▶ [ACTION ITEM]
Repeat the data word for word. Do not include the pictures.
START TASK INPUT
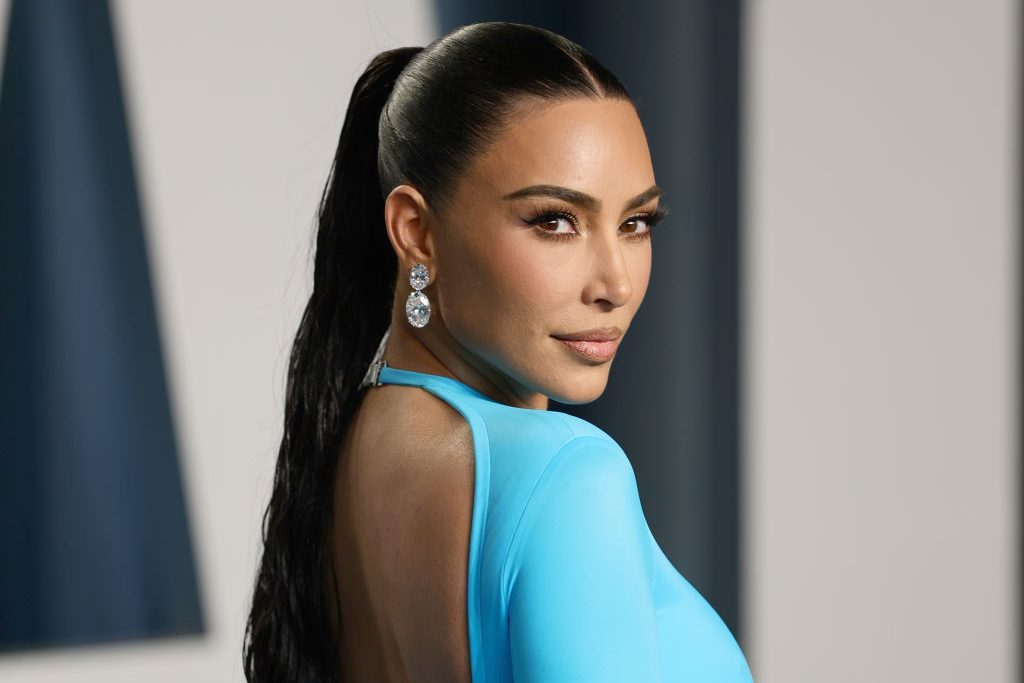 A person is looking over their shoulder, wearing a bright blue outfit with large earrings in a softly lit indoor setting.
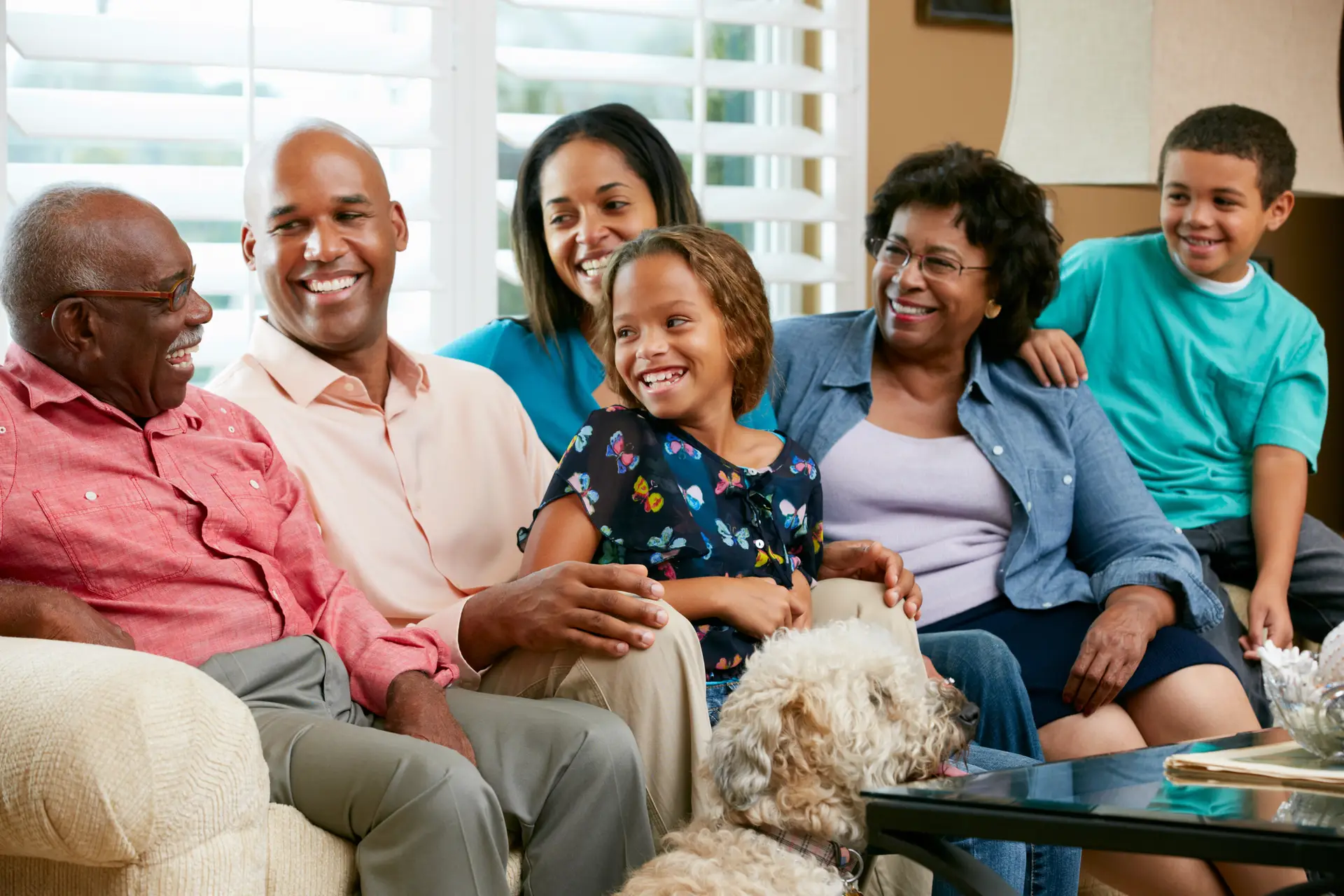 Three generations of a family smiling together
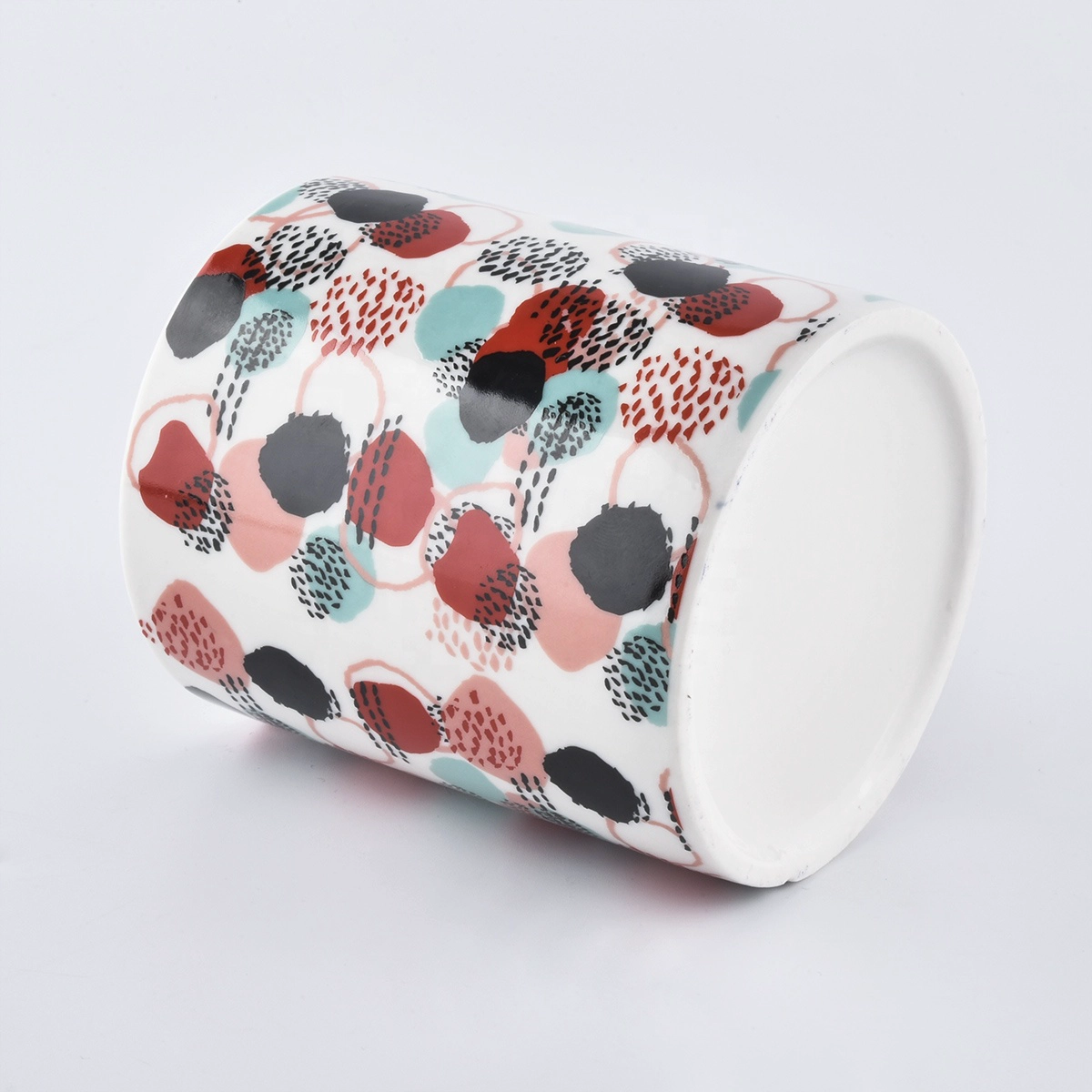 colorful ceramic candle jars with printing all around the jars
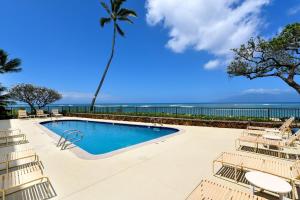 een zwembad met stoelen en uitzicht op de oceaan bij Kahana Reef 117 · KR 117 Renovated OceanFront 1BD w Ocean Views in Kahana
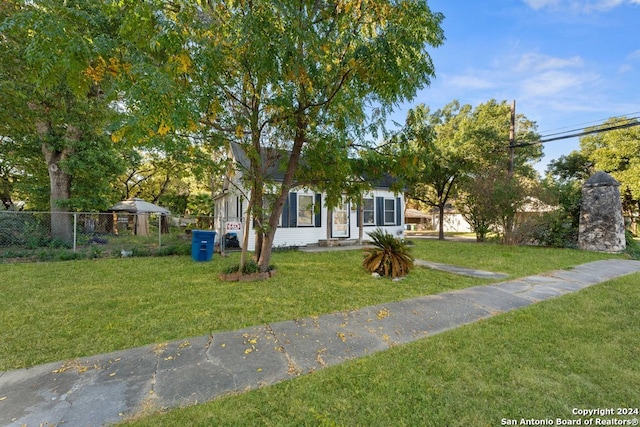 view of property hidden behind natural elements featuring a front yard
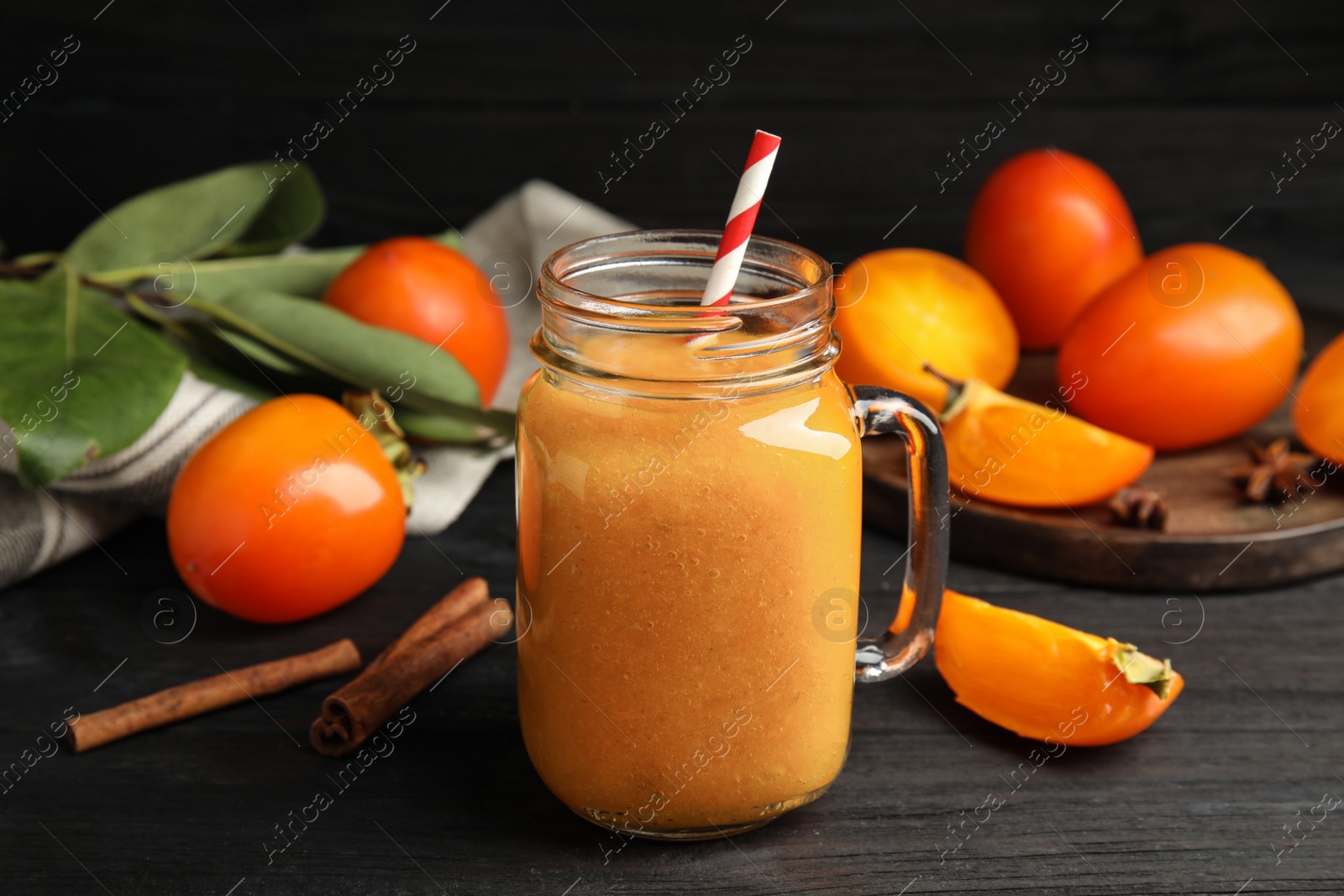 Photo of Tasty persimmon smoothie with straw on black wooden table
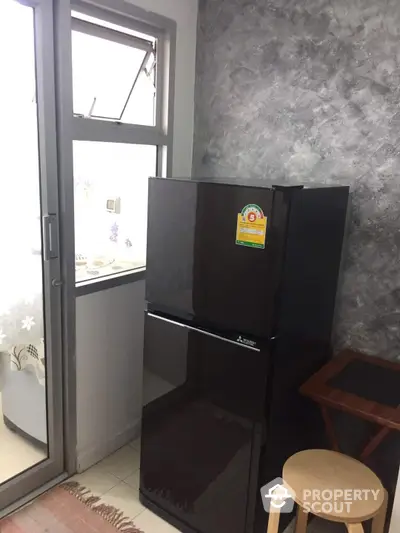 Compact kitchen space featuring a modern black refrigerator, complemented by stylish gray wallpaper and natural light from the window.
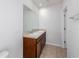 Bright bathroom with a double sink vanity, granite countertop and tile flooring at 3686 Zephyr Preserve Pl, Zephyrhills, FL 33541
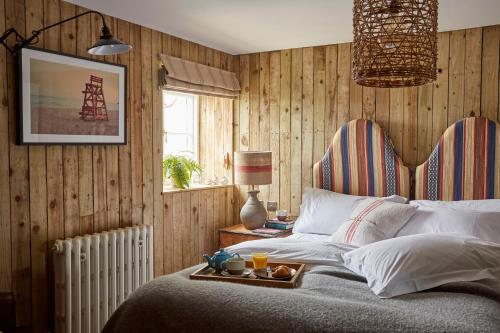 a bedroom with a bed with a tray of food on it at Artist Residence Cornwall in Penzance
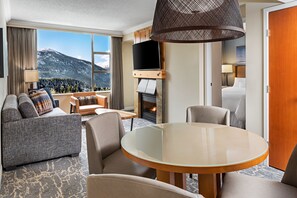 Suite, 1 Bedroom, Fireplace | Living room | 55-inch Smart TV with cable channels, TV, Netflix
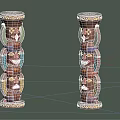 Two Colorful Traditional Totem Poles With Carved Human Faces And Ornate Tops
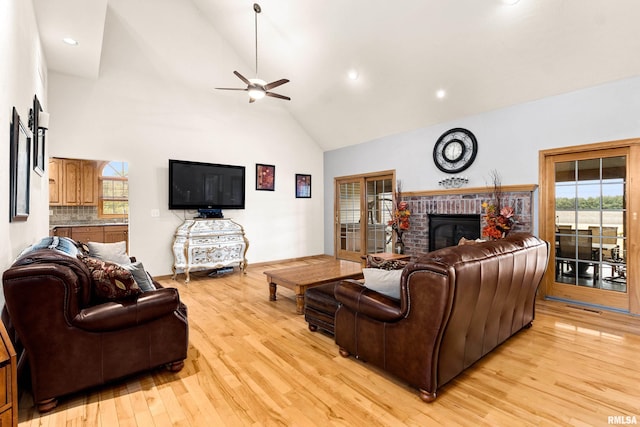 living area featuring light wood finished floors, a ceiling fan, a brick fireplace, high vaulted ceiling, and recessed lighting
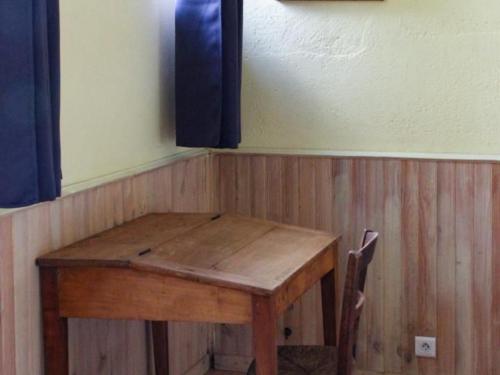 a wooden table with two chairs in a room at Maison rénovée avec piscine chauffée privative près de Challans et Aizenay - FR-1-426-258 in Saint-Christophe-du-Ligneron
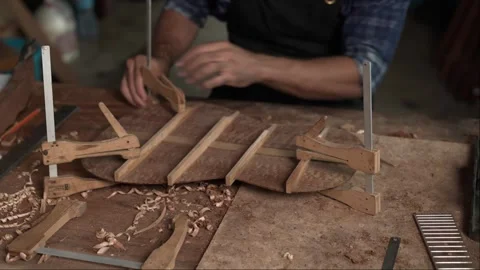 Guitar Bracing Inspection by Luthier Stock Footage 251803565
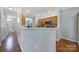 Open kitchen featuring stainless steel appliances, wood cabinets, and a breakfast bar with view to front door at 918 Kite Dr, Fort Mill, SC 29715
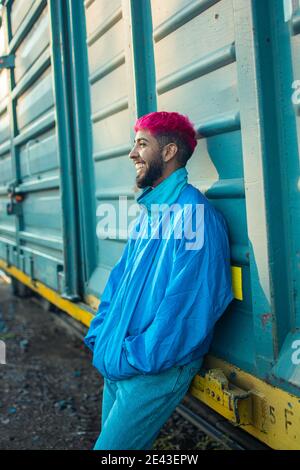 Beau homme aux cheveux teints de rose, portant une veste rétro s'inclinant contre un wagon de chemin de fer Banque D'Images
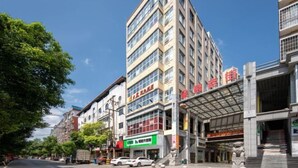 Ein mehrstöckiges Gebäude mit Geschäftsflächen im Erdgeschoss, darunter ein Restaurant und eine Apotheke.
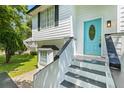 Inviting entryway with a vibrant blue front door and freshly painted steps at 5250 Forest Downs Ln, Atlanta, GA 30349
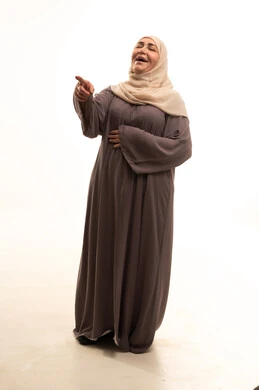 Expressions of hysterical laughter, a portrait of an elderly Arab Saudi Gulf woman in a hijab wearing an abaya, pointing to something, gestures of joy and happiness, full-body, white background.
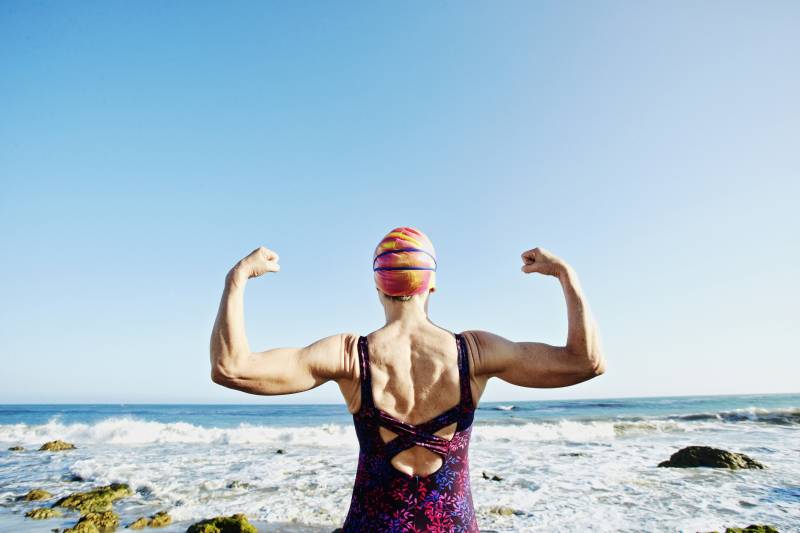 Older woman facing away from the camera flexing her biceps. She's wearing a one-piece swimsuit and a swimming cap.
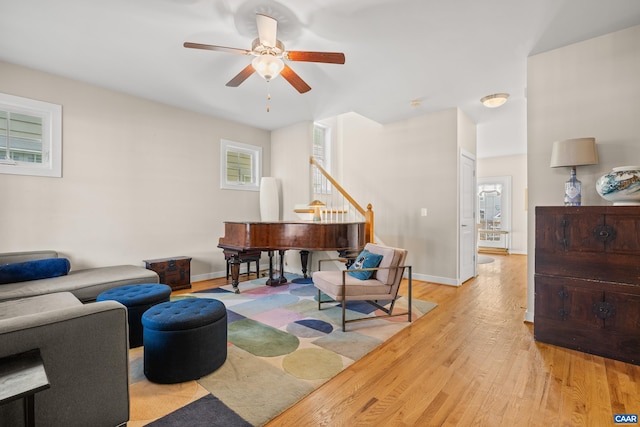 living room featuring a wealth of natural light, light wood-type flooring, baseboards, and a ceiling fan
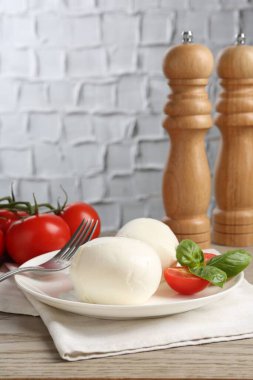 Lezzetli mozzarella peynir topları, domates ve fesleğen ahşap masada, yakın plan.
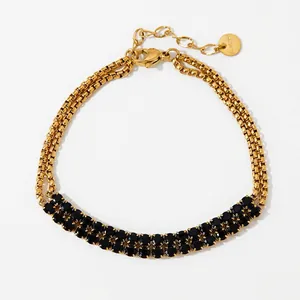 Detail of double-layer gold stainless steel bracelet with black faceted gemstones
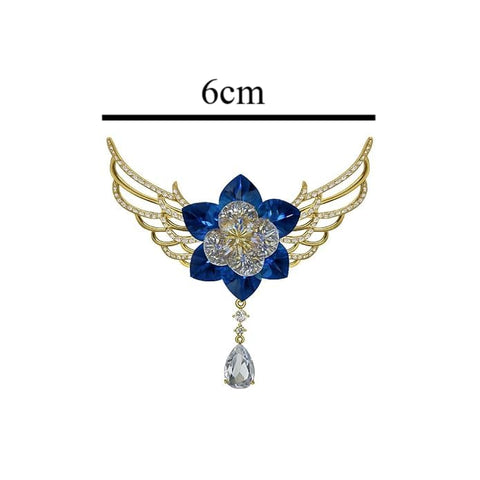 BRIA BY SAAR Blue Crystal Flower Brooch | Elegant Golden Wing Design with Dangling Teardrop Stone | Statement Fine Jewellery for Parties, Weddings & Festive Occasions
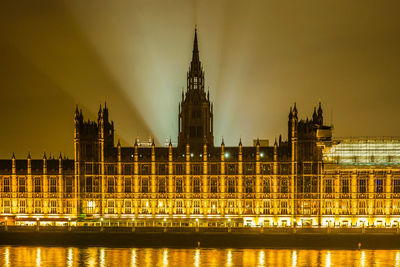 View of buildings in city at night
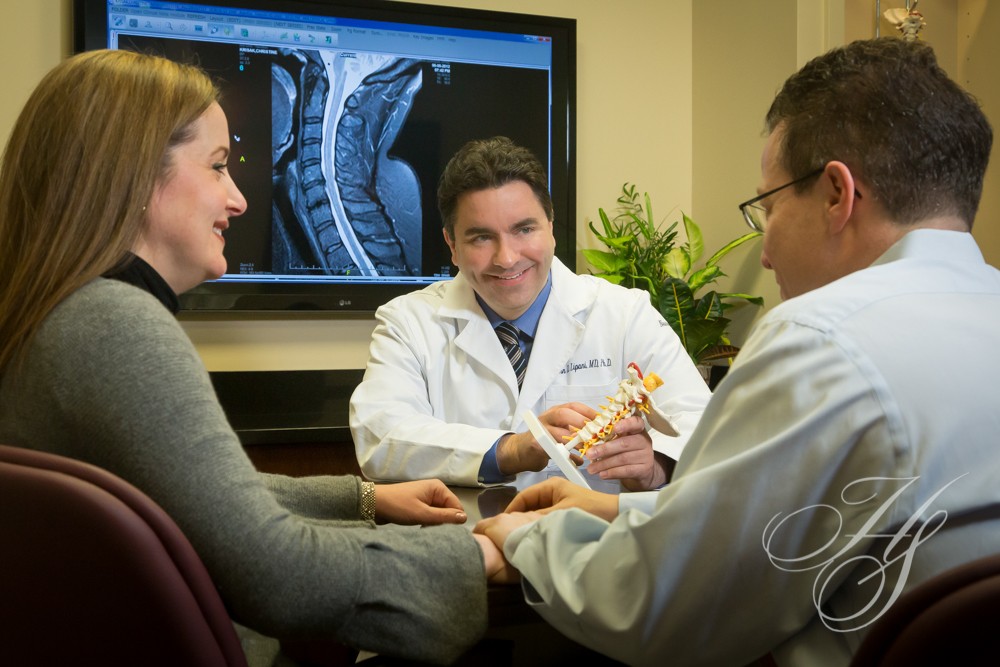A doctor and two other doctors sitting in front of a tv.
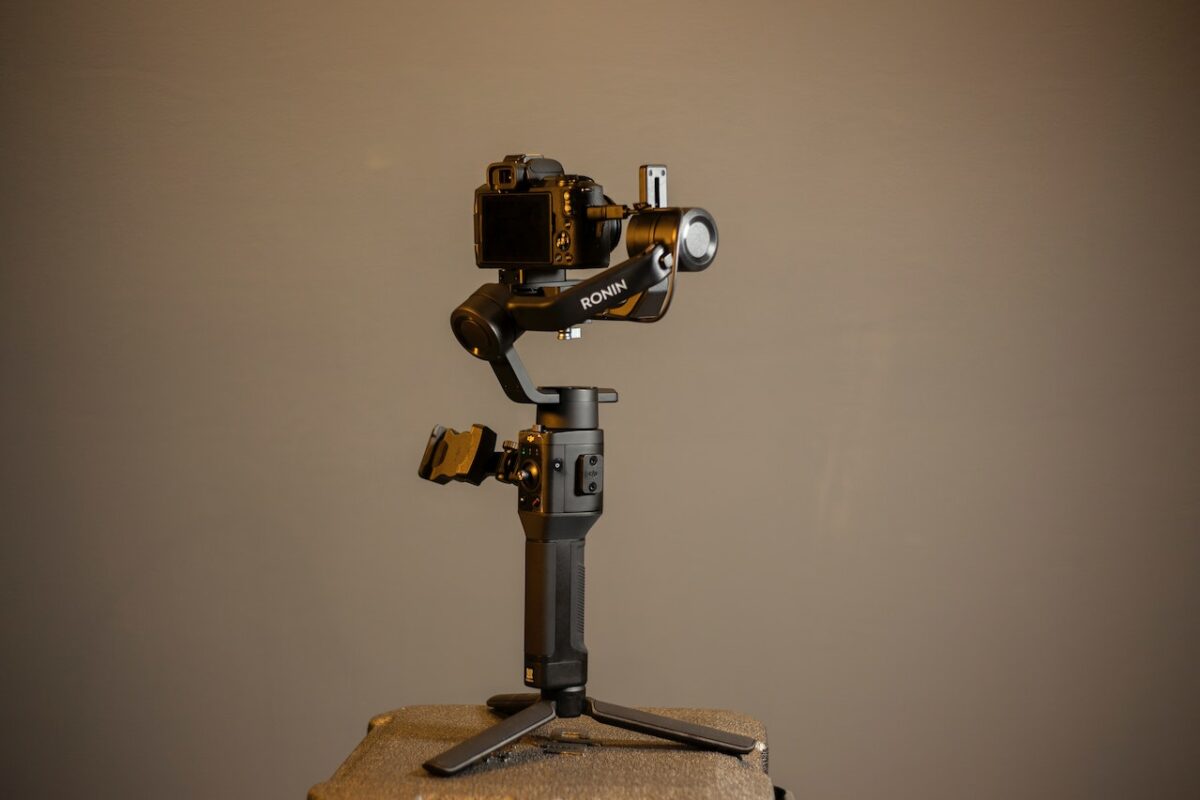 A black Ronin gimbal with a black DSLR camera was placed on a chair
END TASK INPUT
▶ [RESPONSE BOX]
 A person is looking over their shoulder, wearing a bright blue outfit with large earrings in a softly lit indoor setting.
 Three generations of a family smiling together
 colorful ceramic candle jars with printing all around the jars
 een zwembad met stoelen en uitzicht op de oceaan bij Kahana Reef 117 · KR 117 Renovated OceanFront 1BD w Ocean Views in Kahana
 view of property hidden behind natural elements featuring a front yard
 Photo of Tasty persimmon smoothie with straw on black wooden table
 Compact kitchen space featuring a modern black refrigerator, complemented by stylish gray wallpaper and natural light from the window.
 Bright bathroom with a double sink vanity, granite countertop and tile flooring at 3686 Zephyr Preserve Pl, Zephyrhills, FL 33541
 a bedroom with a bed with a tray of food on it at Artist Residence Cornwall in Penzance
 Suite, 1 Bedroom, Fireplace | Living room | 55-inch Smart TV with cable channels, TV, Netflix
 Two Colorful Traditional Totem Poles With Carved Human Faces And Ornate Tops
 living area featuring light wood finished floors, a ceiling fan, a brick fireplace, high vaulted ceiling, and recessed lighting
 a wooden table with two chairs in a room at Maison rénovée avec piscine chauffée privative près de Challans et Aizenay - FR-1-426-258 in Saint-Christophe-du-Ligneron
 Guitar Bracing Inspection by Luthier Stock Footage 251803565
 Open kitchen featuring stainless steel appliances, wood cabinets, and a breakfast bar with view to front door at 918 Kite Dr, Fort Mill, SC 29715
 Beau homme aux cheveux teints de rose, portant une veste rétro s'inclinant contre un wagon de chemin de fer Banque D'Images
 Ein mehrstöckiges Gebäude mit Geschäftsflächen im Erdgeschoss, darunter ein Restaurant und eine Apotheke.
 Inviting entryway with a vibrant blue front door and freshly painted steps at 5250 Forest Downs Ln, Atlanta, GA 30349
 Expressions of hysterical laughter, a portrait of an elderly Arab Saudi Gulf woman in a hijab wearing an abaya, pointing to something, gestures of joy and happiness, full-body, white background.
 Older woman facing away from the camera flexing her biceps. She's wearing a one-piece swimsuit and a swimming cap.
 living room featuring a wealth of natural light, light wood-type flooring, baseboards, and a ceiling fan
 Lezzetli mozzarella peynir topları, domates ve fesleğen ahşap masada, yakın plan.
 Detail of double-layer gold stainless steel bracelet with black faceted gemstones
 BRIA BY SAAR Blue Crystal Flower Brooch | Elegant Golden Wing Design with Dangling Teardrop Stone | Statement Fine Jewellery for Parties, Weddings & Festive Occasions
 View of buildings in city at night
A doctor and two other doctors sitting in front of a tv.
 A black Ronin gimbal with a black DSLR camera was placed on a chair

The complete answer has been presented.